However, though the word "demonstrative" may be the best word, the primary desire was to connect the notion of analyticity
with the kind of soundness proof which is conducted usually for a formal system to show (inter alia) its consistency.
In this context the axioms are shown true with respect to the semantics, and the inference rules are shown to respect the
semantics, with the effect that all the theorems are known to be true under the semantics, and hence analytic.
It is the (rather elementary) connection between proof in sound deductive systems and the semantic notion of analyticity that
is the target of the exercise, and therefore the defined concept of "demonstrative" is wholly semantic, does not talk about
necessity, and might be thought to differ from the Aristotelian notion on that account.

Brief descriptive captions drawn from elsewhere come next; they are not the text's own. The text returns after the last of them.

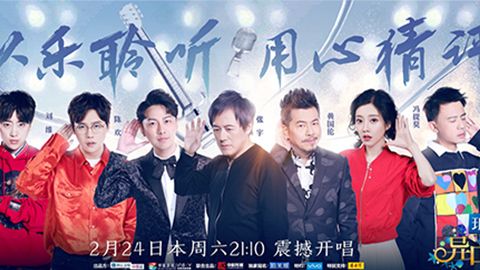365钱包冠名居然讲起了段子？！《异口同声》开年火爆超出预期
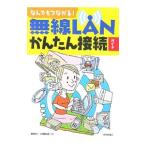 Yahoo! Yahoo!ショッピング(ヤフー ショッピング)無線ＬＡＮかんたん接続ガイド／島田裕二
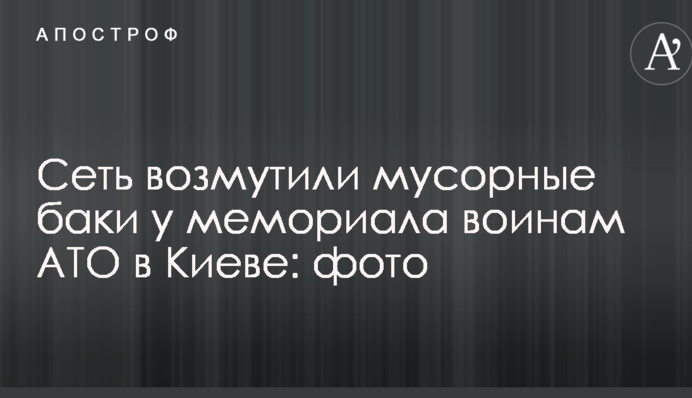Мережу обурили сміттєві баки біля меморіалу воїнам АТО в Києві: опубліковано фото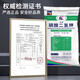 Potassium dihydrogen agricultural fertilizer, vegetable, fruit, tree and corn special foliar fertilizer 25kg packaging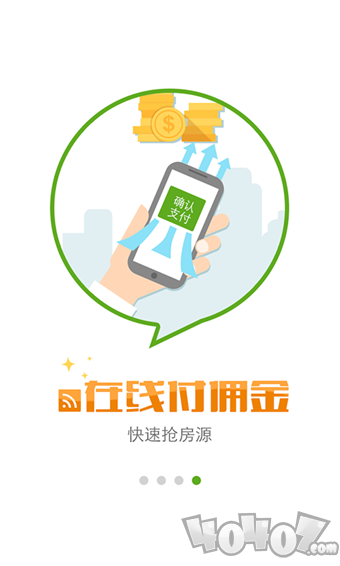 租房帮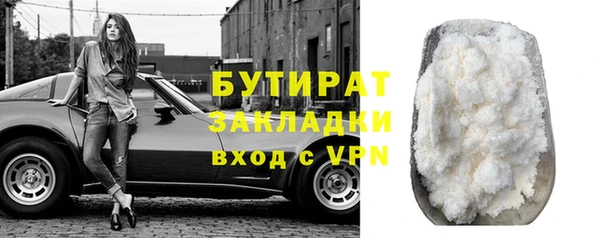 MESCALINE Семилуки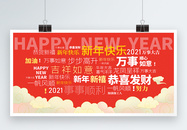 2021新年祝福词语墙壁展板图片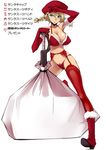  blonde_hair blue_eyes boots bra breasts christmas cleavage elbow_gloves garter_belt gloves hat large_breasts lingerie monster_hunter panties pubic_hair red_gloves santa_costume solo thighhighs translated underwear underwear_only yurikawa 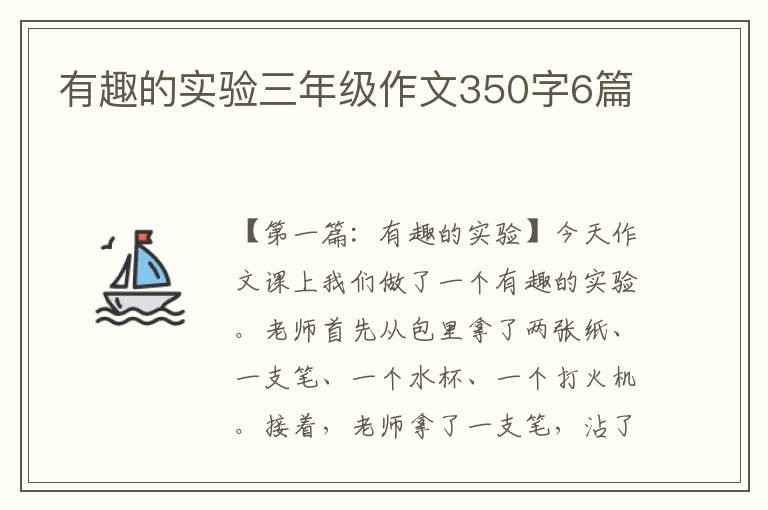 有趣的实验三年级作文350字6篇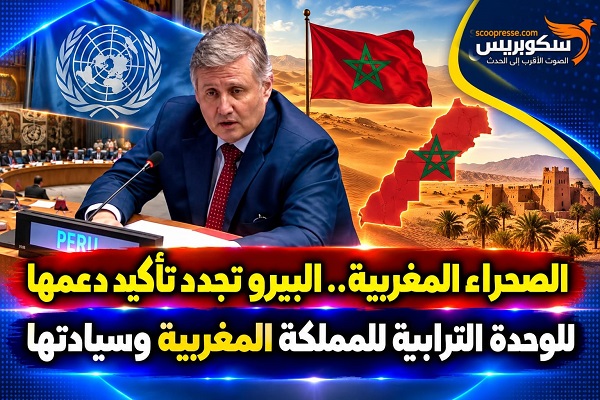 لبيرو تجدد دعمها للوحدة الترابية للمملكة المغربية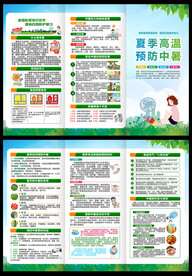 防暑三折页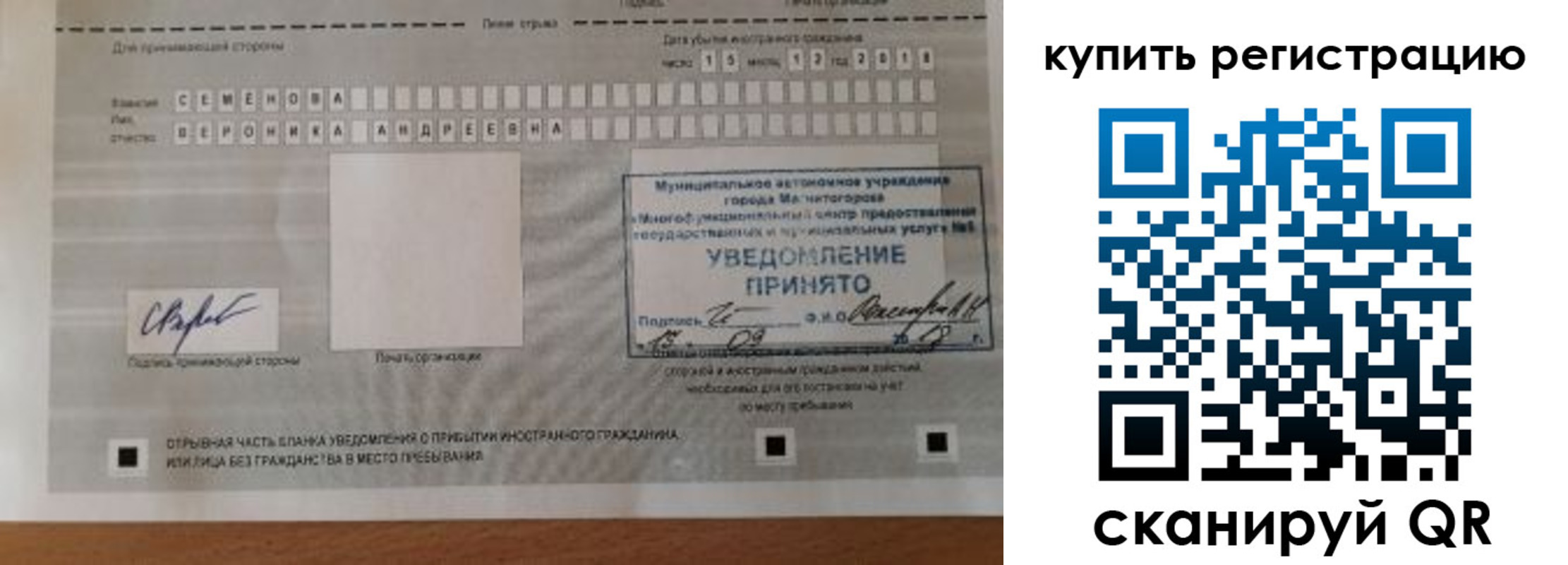 прописка для военкомата в Баймаке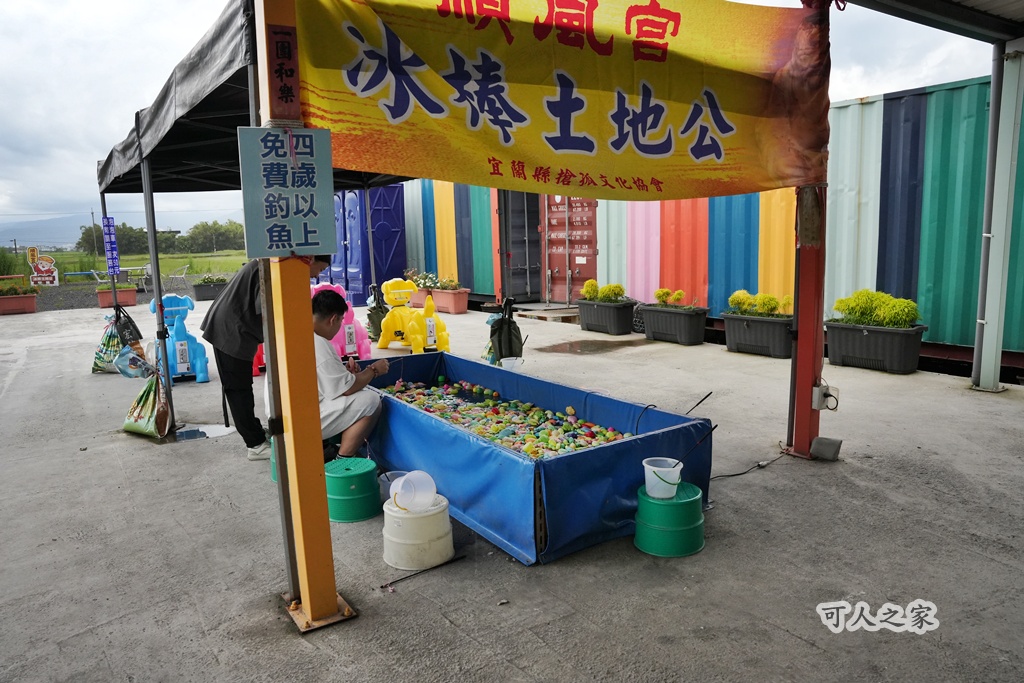 宜蘭壯圍冰棒土地公 宜蘭壯圍冰棒土地公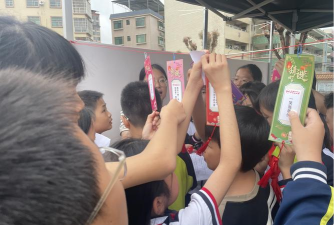 和平县阳明镇第三小学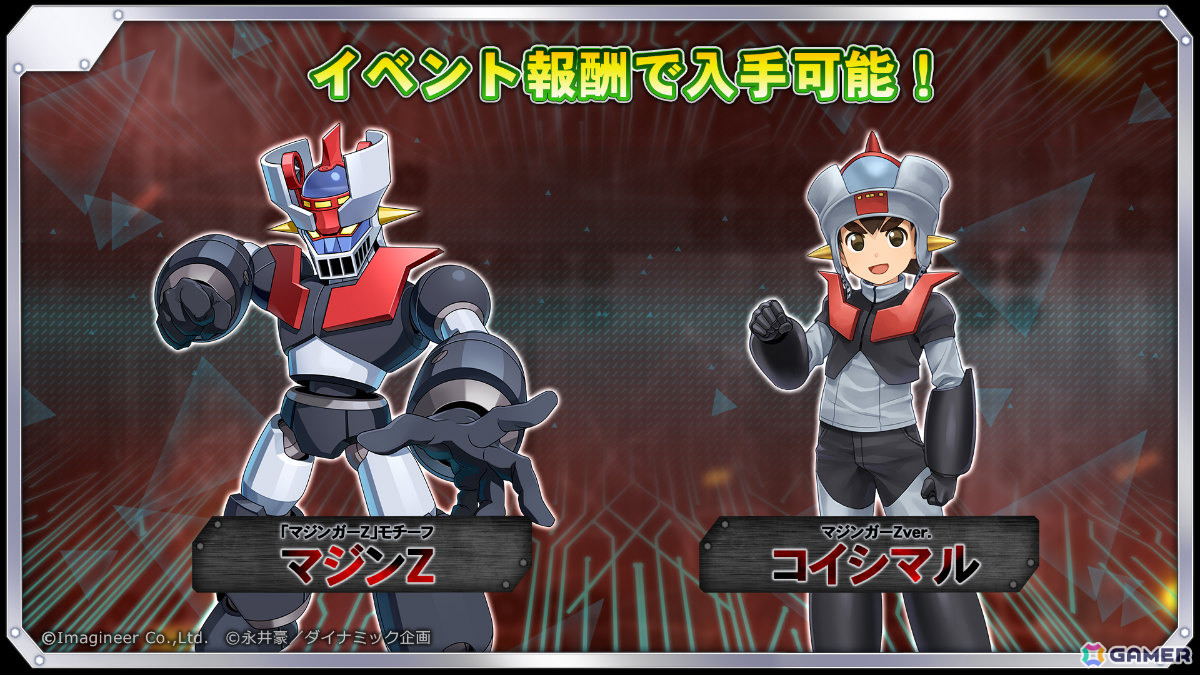 「メダロットS」永井豪先生の作品との復刻コラボが3月26日より開催！「マジンガーZ」「真ゲッターロボ」「デビルマン」などのモチーフ機体が登場の画像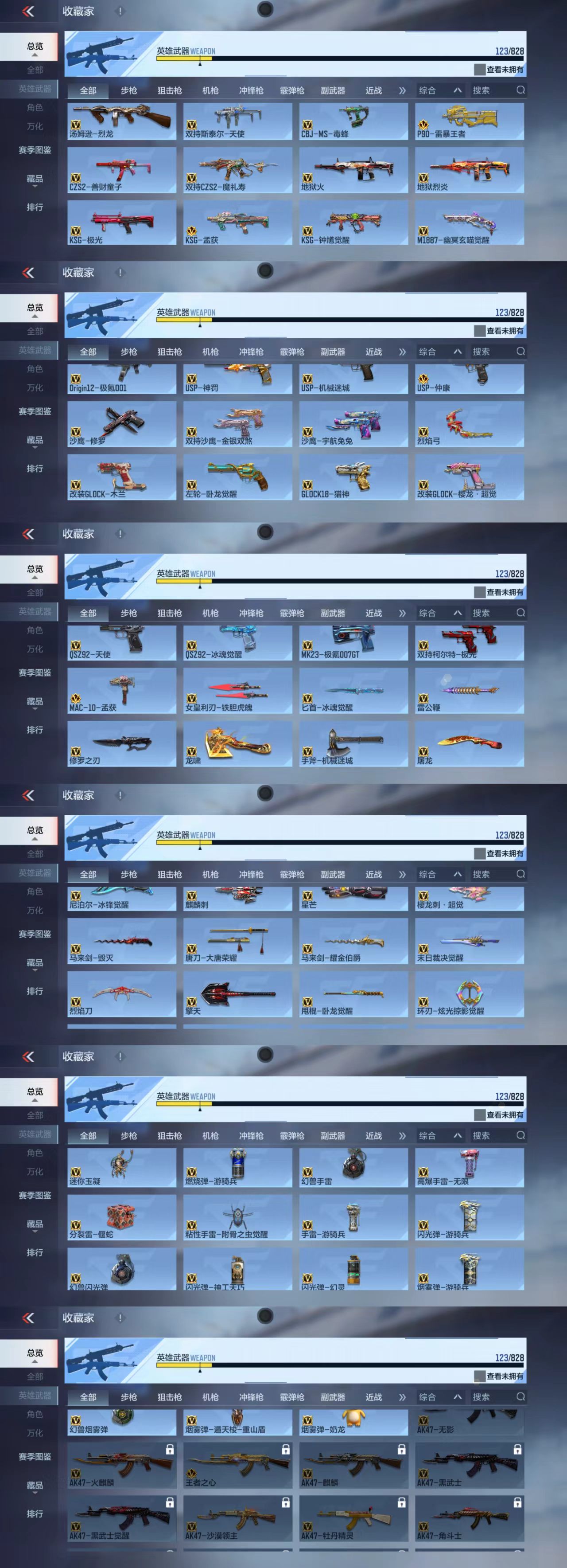 CFMCW426856枪战王者账号详情图3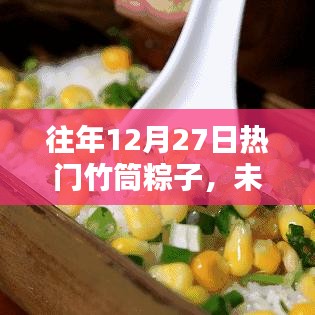 未來竹香盛宴，智能竹筒粽子體驗(yàn)全新升級(jí)回顧與前瞻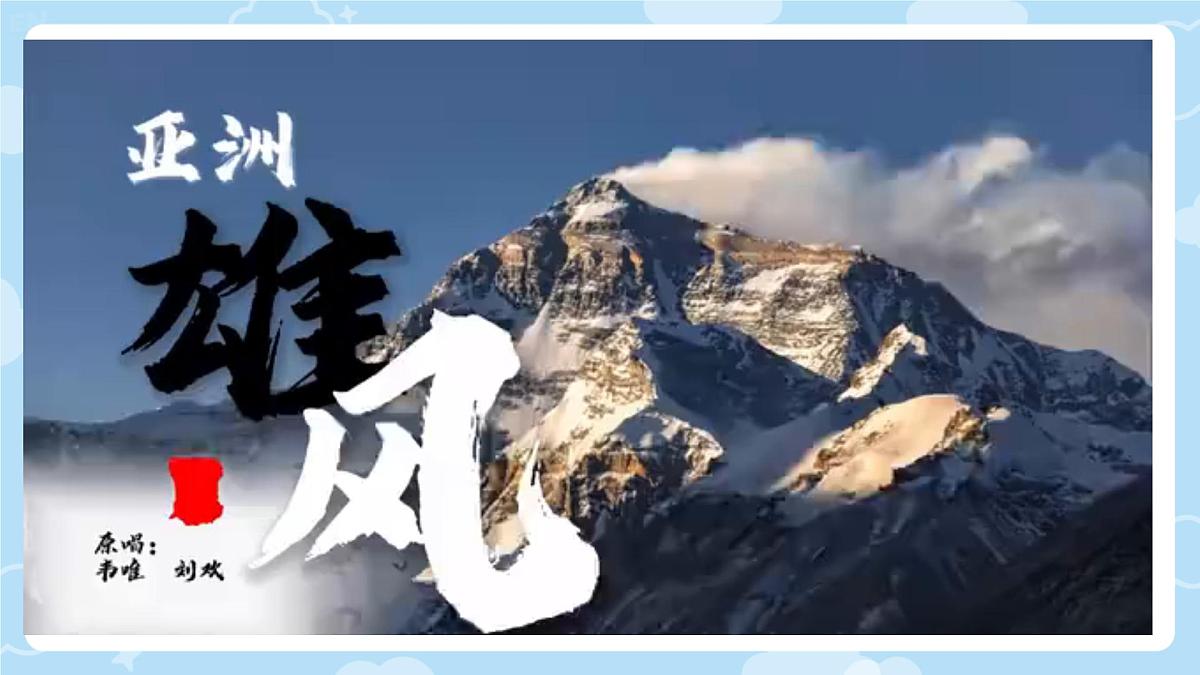 初中 地理 人教版（2024） 七年级下册(2024) 第七章第一节 自然环境 课件第2页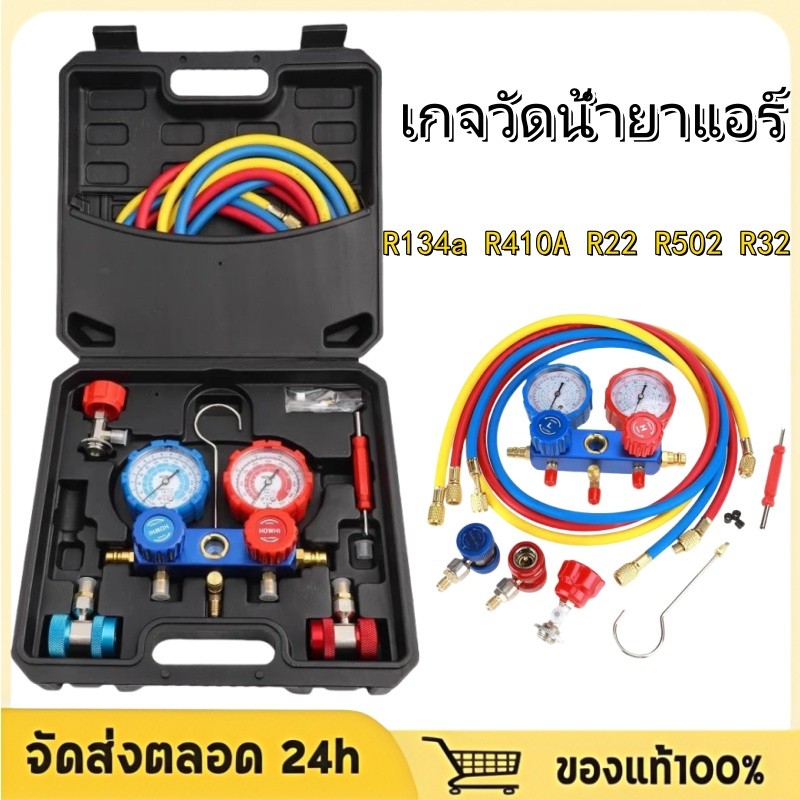 เกจวัดน้ำยาแอร์ สำหรับวัดน้ำยา R-22 R-134a R-410 R-404 สายยาว 60 นิ้ว พร้อมหัวเติม 134a (กล่องสีดำ)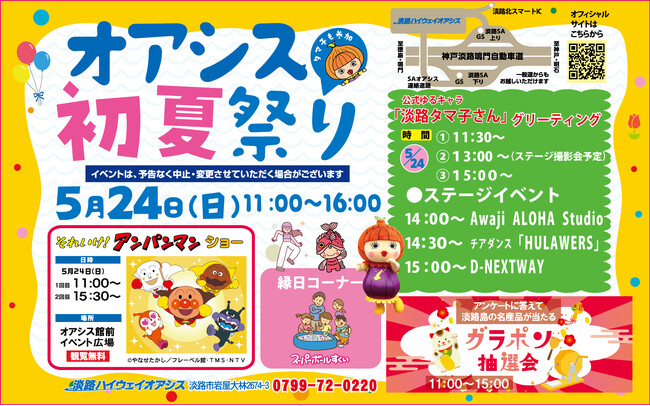 明石海峡大橋と直結！淡路ハイウェイオアシスで、季節イベント「オアシス初夏祭り」を開催！「それいけ！アンパンマン ショー」 「ダンスステージ」「キッチンカー」「地元名産品が当たる抽選会」など
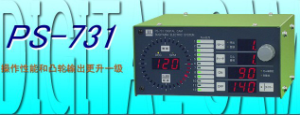 銷售代理日本杉山數(shù)字凸輪PS-731、PS-701等[PS-731、PS-701]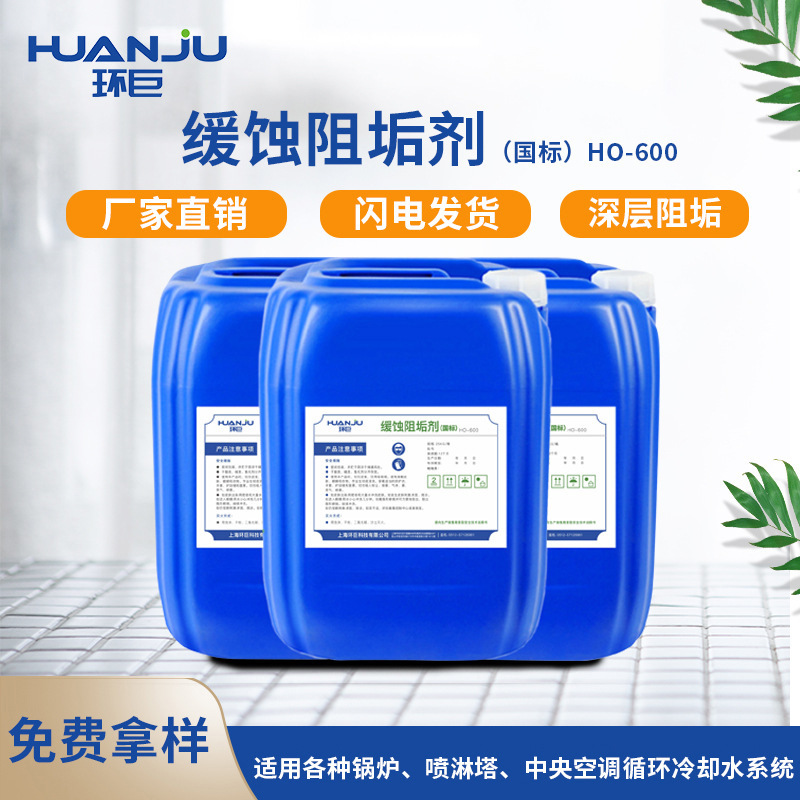 缓蚀阻垢剂厂家循环水冷却塔中央空调管道热水锅炉防垢剂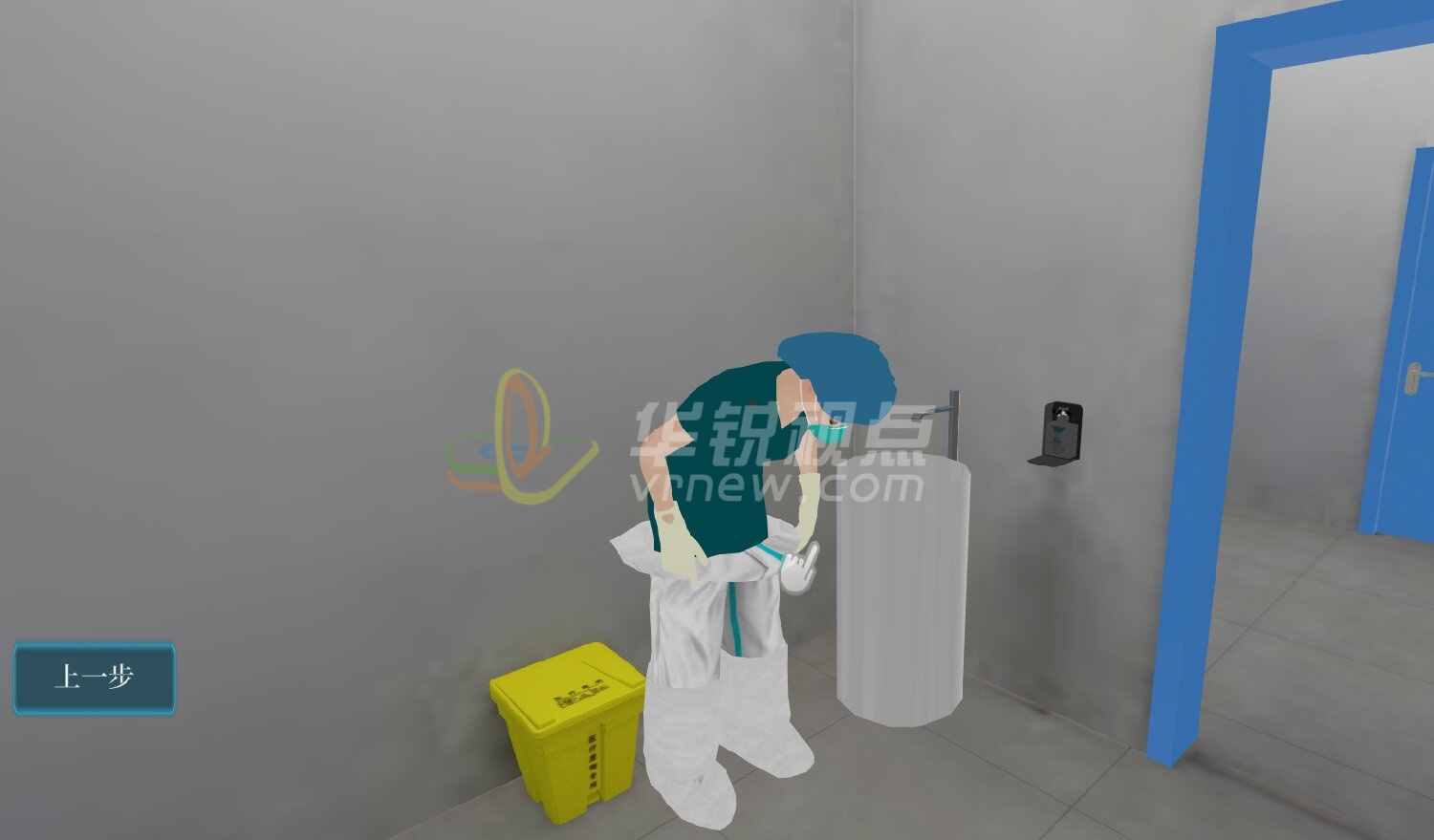 VR发热门诊出入流程培训系统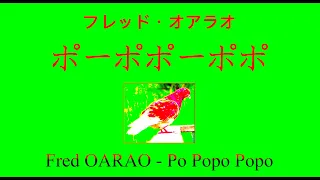 Po popo popo - ポーポポーポポ - Fred Oarao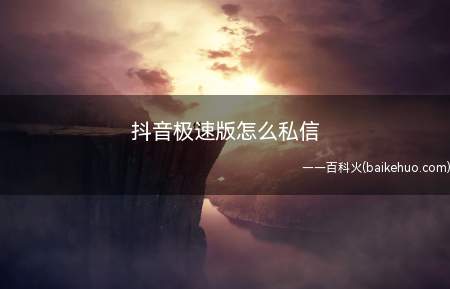 抖音极速版怎么私信(打开手机里的抖音APP)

A further difficulty arised from incompleteness.
There is no single (r.e.) deductive system which proves all the analytic truths.
In these models, the only constraint on axioms is that they are analytic, and the only constraint on inference rules is that
they preserve truth under the relevant semantics.
This does yeild the desired identity, but certainly represents a more liberal deductive regime than that in Locke and Hume,
who require that the axioms and rules be intuitively certain.
To get the identity I am in effect permitting sound deductive systems in which the most tenuous and obscure (but true) large
cardinal axioms are employed, and it is doubtful that Locke would have thought these intuitively certain.

So far as Aristotle is concerned, the rules are syllogistic, and he has no conception of the linguistically pluralistic world
inhabited by modern logicians, so again our notion of demonstrative is on the generous side.